Feuer und Eis: Wie wird Amerika scheitern?
(Red. Unser Kolumnist aus den USA Patrick Lawrence macht darauf aufmerksam, dass in den letzten dreitausend Jahren auf dieser Welt etliche Imperien entstanden und, meist nach einer längeren Krisenzeit, auch wieder definitiv untergegangen sind. Das, so nimmt er an, trifft auch auf das „Imperium“ der USA zu. Offen sei nur, so meint er, die zeitliche Länge der bereits laufenden Vor-Untergangskrise. (cm)
Vor zehn Jahren habe ich ein Buch veröffentlicht, in dem ich den USA 25 Jahre Zeit gab, sich mit dem Verlust ihrer geopolitischen Vormachtstellung zu arrangieren, die sie in den vergangenen sieben Jahrzehnten genossen hatten. Ich nannte das Buch «Time No Longer: Die Amerikaner nach dem amerikanischen Jahrhundert.» Als Anfangsdatum wählte ich das Jahr 2001, als die Anschläge vom 11. September in New York und Washington dem „amerikanischen Jahrhundert“ ein abruptes Ende bereiteten.

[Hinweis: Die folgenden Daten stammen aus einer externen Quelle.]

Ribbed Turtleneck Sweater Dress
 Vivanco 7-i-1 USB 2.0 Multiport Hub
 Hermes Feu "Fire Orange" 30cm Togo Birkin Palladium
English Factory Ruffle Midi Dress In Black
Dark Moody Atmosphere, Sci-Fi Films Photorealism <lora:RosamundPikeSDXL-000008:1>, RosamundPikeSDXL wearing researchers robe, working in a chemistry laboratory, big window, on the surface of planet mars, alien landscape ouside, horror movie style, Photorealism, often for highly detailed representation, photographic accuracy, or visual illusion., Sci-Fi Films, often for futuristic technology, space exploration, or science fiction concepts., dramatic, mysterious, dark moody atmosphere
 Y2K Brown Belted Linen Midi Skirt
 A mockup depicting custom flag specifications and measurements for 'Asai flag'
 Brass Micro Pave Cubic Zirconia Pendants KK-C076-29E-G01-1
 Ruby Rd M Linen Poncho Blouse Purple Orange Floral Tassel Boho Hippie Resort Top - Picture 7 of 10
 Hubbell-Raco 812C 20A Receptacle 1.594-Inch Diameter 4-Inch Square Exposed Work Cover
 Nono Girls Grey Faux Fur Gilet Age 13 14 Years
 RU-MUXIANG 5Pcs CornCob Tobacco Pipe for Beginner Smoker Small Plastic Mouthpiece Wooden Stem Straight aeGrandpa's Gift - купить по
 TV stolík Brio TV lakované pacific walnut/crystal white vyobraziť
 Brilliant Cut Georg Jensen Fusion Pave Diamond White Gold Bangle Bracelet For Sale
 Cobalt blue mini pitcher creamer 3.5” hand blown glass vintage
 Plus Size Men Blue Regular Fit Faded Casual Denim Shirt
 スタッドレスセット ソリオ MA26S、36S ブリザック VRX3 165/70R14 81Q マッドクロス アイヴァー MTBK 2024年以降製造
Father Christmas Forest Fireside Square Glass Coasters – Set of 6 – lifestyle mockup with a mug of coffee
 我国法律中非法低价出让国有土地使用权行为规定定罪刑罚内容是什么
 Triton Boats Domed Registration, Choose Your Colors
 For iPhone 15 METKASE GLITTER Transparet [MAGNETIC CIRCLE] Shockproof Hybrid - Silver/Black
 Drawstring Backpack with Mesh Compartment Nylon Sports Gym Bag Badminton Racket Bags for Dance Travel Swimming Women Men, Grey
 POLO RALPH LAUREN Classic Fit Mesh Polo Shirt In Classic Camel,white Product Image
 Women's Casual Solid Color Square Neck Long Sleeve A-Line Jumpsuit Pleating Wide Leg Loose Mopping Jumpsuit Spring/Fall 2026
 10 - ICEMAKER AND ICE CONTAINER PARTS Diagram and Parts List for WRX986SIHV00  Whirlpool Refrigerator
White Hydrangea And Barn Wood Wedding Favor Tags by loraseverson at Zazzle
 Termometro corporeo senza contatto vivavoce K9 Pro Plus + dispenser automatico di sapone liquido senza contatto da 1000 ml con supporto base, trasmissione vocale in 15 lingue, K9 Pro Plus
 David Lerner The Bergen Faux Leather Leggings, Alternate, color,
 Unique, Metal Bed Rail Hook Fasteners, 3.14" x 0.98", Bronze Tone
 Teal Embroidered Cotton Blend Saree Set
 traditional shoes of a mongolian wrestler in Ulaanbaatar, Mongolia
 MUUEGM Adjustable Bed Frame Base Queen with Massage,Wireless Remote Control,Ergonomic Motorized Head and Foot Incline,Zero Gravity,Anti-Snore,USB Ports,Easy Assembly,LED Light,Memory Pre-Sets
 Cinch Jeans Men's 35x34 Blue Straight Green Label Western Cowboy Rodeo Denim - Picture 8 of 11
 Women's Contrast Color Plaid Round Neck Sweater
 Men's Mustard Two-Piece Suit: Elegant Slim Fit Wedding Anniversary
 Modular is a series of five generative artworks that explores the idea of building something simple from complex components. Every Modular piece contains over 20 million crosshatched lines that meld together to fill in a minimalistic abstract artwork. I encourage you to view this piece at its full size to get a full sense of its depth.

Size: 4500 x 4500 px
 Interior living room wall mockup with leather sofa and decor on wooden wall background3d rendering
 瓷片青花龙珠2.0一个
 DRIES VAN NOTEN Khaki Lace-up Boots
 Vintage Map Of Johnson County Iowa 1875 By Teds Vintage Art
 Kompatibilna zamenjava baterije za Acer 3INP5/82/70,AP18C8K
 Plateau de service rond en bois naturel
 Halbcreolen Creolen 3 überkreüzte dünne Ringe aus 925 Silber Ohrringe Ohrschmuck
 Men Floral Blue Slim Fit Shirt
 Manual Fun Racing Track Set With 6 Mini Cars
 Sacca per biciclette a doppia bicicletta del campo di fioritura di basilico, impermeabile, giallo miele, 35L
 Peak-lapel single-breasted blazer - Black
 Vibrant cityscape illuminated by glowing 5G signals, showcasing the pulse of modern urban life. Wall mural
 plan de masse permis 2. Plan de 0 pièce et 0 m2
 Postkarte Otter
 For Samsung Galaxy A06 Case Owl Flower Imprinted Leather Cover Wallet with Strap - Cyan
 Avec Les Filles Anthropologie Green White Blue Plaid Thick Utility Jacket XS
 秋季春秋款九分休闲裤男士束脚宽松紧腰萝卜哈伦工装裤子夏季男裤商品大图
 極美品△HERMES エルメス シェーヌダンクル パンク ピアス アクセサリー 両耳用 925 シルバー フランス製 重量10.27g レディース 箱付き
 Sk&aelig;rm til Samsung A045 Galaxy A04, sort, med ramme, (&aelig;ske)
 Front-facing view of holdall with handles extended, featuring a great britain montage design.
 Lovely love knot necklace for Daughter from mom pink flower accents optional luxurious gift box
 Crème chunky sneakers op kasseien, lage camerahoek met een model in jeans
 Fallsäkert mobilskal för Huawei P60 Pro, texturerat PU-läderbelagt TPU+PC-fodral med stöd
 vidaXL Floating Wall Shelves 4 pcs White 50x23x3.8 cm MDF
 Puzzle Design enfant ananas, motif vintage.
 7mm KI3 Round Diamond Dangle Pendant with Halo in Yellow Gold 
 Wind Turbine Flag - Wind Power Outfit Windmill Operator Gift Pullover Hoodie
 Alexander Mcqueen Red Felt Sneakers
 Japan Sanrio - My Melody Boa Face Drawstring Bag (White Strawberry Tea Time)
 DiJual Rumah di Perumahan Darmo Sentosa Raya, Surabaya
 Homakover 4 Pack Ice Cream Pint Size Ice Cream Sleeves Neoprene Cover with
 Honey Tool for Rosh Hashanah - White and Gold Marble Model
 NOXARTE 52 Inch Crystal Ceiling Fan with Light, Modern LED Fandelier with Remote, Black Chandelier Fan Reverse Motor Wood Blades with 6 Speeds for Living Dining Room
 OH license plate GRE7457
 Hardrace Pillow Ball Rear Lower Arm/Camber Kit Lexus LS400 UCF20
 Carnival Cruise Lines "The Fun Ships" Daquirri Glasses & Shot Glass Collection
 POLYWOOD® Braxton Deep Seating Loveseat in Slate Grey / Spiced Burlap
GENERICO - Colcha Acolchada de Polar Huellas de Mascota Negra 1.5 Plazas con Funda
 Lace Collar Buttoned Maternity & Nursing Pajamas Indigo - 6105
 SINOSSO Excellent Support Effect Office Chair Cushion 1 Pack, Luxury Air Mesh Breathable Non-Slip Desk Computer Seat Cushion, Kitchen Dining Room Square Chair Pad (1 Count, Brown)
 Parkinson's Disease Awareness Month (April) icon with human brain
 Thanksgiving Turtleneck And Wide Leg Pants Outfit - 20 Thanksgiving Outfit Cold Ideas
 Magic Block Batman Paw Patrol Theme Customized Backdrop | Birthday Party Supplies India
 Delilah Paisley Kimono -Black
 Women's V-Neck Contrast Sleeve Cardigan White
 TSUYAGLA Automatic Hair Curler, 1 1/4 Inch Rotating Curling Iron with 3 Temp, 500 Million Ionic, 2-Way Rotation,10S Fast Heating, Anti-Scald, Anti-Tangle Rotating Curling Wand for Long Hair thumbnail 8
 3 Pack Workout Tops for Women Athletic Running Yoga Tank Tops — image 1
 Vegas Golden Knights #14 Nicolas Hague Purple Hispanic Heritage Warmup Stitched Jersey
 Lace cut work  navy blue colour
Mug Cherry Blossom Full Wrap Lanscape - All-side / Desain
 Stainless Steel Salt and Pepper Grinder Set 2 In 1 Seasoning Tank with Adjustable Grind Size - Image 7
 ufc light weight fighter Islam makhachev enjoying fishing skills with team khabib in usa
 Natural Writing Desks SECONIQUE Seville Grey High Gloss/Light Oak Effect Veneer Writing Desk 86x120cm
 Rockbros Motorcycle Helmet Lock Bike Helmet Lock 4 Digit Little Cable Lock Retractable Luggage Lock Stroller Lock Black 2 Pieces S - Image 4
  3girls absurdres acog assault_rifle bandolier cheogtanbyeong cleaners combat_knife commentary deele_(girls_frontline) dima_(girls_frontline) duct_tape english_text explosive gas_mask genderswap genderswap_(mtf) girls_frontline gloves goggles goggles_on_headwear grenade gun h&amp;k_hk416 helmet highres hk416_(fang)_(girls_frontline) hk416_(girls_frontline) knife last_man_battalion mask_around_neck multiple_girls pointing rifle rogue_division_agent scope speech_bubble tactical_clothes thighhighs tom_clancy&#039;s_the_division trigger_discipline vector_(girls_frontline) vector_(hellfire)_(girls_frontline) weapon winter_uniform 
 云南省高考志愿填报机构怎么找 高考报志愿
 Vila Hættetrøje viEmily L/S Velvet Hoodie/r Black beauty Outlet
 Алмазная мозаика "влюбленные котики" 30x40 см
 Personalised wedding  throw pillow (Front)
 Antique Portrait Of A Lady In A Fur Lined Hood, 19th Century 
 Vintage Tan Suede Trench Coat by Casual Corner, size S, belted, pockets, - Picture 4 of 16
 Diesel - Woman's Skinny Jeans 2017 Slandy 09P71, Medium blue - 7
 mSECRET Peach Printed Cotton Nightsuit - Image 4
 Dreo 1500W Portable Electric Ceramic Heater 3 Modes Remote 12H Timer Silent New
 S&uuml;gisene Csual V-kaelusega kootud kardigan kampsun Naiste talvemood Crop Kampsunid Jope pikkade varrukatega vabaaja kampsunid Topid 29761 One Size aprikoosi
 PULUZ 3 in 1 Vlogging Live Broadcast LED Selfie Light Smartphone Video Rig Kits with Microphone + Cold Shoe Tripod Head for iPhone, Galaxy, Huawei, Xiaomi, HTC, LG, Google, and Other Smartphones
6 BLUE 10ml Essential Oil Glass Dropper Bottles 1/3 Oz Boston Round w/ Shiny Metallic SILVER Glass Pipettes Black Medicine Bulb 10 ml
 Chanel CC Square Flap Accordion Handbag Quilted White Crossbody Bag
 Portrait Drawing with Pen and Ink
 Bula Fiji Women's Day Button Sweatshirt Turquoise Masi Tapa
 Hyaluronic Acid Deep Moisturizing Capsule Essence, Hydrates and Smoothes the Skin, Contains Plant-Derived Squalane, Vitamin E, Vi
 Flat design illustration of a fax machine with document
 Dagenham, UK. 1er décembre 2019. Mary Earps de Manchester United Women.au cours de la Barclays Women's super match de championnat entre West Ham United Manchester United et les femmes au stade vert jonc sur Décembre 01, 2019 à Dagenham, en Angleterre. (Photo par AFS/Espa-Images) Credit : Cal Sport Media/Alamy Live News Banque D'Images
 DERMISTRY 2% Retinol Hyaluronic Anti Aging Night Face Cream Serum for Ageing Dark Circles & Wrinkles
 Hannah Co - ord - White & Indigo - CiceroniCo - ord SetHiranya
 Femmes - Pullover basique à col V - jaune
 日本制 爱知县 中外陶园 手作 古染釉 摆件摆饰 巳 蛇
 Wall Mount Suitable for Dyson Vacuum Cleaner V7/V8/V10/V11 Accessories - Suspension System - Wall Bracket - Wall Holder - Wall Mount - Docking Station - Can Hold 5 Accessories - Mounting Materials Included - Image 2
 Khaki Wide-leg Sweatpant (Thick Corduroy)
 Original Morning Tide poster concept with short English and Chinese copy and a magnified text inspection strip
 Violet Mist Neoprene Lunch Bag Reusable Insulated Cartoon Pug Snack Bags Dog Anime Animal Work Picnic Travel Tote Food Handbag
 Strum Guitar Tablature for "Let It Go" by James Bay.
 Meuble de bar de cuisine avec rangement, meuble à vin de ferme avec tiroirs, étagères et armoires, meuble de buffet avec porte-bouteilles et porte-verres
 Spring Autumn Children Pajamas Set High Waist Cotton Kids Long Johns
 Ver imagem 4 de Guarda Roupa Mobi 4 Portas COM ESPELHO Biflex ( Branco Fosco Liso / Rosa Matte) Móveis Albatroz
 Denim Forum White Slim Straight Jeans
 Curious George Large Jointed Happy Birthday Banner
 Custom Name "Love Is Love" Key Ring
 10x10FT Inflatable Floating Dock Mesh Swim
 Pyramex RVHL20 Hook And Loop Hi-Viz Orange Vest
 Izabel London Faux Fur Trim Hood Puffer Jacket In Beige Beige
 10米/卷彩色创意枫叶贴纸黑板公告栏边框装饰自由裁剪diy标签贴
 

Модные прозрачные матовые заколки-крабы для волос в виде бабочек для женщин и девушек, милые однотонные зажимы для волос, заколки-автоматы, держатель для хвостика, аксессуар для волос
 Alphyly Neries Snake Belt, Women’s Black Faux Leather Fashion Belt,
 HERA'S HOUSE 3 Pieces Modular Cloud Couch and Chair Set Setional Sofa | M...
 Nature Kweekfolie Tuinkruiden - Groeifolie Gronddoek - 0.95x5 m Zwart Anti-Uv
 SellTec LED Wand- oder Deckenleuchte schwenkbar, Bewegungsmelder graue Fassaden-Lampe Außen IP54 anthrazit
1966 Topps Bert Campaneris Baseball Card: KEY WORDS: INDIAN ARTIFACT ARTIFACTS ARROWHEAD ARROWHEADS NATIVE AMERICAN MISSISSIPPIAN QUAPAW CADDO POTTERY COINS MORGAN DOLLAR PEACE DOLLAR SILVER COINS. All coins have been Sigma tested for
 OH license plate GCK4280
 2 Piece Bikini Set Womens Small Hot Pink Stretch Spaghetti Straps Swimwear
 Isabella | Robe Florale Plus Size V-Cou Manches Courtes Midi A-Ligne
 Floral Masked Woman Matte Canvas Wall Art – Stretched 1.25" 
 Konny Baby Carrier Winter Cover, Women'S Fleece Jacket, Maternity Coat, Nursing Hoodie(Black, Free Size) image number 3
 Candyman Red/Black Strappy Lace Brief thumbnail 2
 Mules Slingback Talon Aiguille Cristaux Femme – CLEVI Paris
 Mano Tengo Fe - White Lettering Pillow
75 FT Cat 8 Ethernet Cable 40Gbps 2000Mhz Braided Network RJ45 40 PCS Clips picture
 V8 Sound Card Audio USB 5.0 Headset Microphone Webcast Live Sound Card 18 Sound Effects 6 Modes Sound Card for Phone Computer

„Kann sich Amerika von einer Nation mit einem offenen Schicksal in eine Nation mit einem klaren Ziel verwandeln?“ Diese Unterscheidung entnahm ich dem Buch «The Promise of American Life», das Herbert Croly, der bekannte Sozialkritiker der Progressiven Ära, 1909 veröffentlicht hatte. Die von mir gestellte Frage war der Schlüssel zu meinem Fall: Das Schicksal, das die Menschen im Raum der zeitlosen Mythologien hält, verleiht ihnen eine halbwegs heilige „Mission“. Eine Bestimmung zu haben bedeutet, im Strom der Geschichte zu leben und irdische Dinge zu tun.
Ein Jahrhundert, nachdem Croly seinen klassischen Kommentar geschrieben hatte, hatten die Ereignisse des Jahres 2001 dem von ihm vorgeschlagenen Wandel eine neue Dringlichkeit verliehen. Amerika könnte ihn vollziehen und so seinen Platz als eine Nation unter vielen mit Anmut, Weisheit, Würde, Phantasie und einem gewissen Maß an Mut einnehmen. Ich argumentierte, dass andere Länder solche Übergänge erfolgreich bewältigt haben und dabei weitaus besser weggekommen sind. Oder Amerika könnte sich der Drehung des Rades der Geschichte widersetzen – dem 21. Jahrhundert ganz und gar widerstehen – und seine globale Hegemonie erst nach einem langen, unaufhörlich zerstörerischen Kampf um die eigene Verteidigung aufgeben.
Meine Vorhersage war nicht so schwer zu formulieren. Und 23 Jahre nach den traumatischen Anschlägen vom 11. September 2001 ist die Entscheidung, die Amerikas angebliche Führer getroffen haben, nun offenkundig – auf grausame und verhängnisvolle Weise. Als ich mich darauf vorbereitete, diesen Kommentar zu schreiben, fragte ich mich, ob das Chaos, die Unordnung und das menschliche Leid, das unsere Welt jetzt überzieht, ohne Beispiel in der modernen Geschichte sei. Das mag letztlich Ansichtssache sein, aber es steht außer Frage, dass die USA mit ihrer Weigerung, die Realitäten unseres neuen Jahrhunderts zu akzeptieren, uns in eine sehr dunkle Zeit des Krieges, der Gewalt und der Unmenschlichkeit hineingezogen haben.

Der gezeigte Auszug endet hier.